The usual run of official religious life, means that we live in common and look after each other. We pray in a group and work together as a team. We talk about collaborative ministry.
But do we love each other? Would we dare look into another brother's eye or search his heart and say: “I love you?” I doubt it.
What do we know of relating in love to anyone? How real then, is our expression of our love for God? There is no human ground where one can stand and from there look into the face of Jesus, or raise the heart to heaven and say “My God, love you.”
The run-of-the-mill existence of official organized religious life, left me unconcerned about others in any real meaningful way. I never wept over a brother's troubles. I never cried at his death. Religious life did not encourage one to express feelings or emotions. The rite of Profession in my time, used the expression: “From now on, brothers, you are to be like a stick or a stone…”-- and that is indeed, what many of us became,-- and thought it was God's will for us. Those terrible words have been removed from the text as now used.
Only when I found another human being to relate to in deep and intimate celibate love, did I even begin to comprehend the whole notion of loving anyone or much less loving the God who is Love.

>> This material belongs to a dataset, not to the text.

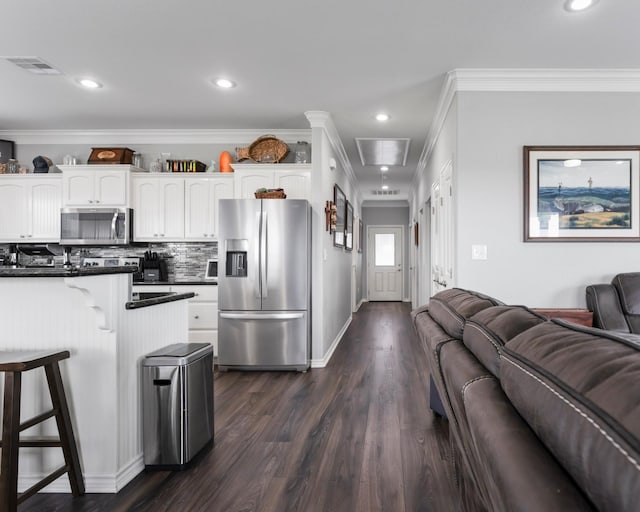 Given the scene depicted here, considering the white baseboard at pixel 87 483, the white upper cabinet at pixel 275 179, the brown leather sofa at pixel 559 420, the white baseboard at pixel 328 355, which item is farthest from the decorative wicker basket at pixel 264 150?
the brown leather sofa at pixel 559 420

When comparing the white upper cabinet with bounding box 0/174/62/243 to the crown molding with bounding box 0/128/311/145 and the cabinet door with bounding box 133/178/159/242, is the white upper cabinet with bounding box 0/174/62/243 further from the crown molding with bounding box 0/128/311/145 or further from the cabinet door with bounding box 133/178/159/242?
the cabinet door with bounding box 133/178/159/242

Only then, did the Covenant words of Sacred Scripture come alive for me. I came to understand that the Lord had leaned down from heaven and made a marriage with his human creature. Hitherto that text held rather light significance for me. But now when I realize that even as a celibate priest, I can have a marriage of mind and heart and spirit with another human being, does the fire of Divine Love begin to kindle in my soul. I find that all of God's creation is enfolded in this love that holds all things in being. The photo of the sea and the foliage, by Fr. Donagh O'Shea OP is a witness to this creative life-giving granduer of the Lord.